### DATA ###
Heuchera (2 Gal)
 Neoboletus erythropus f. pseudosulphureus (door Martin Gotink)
###
### DATA ###
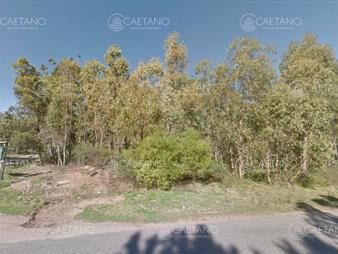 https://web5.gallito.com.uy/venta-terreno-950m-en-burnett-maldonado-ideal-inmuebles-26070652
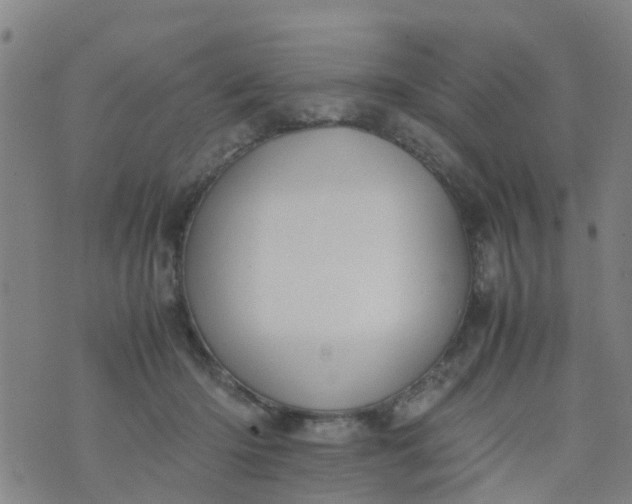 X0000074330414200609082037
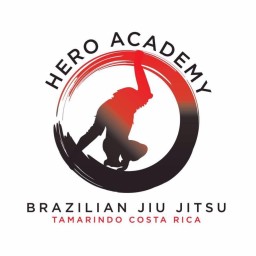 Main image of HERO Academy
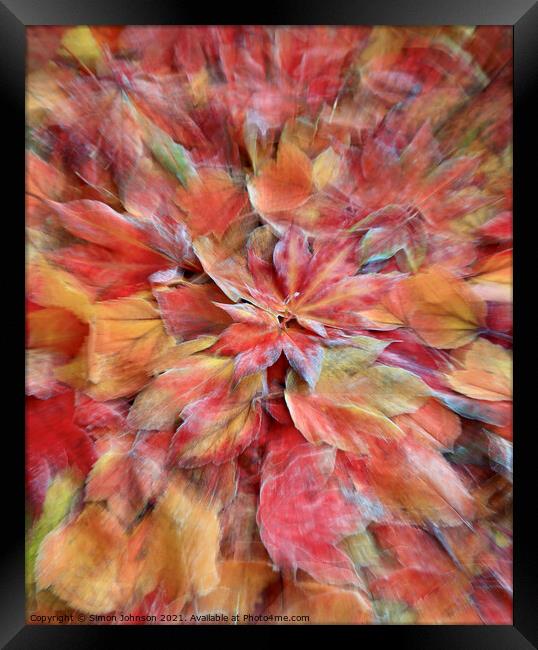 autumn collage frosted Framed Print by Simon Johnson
###
WHAT THE TASK ASKS
Everything above from the line with "Heuchera (2 Gal)" to the line with "Neoboletus erythropus f.", both included, must be repeated exactly, and nothing outside that range.

EXERCISE SOLUTION
Heuchera (2 Gal)
 Neoboletus erythropus f. pseudosulphureus (door Martin Gotink)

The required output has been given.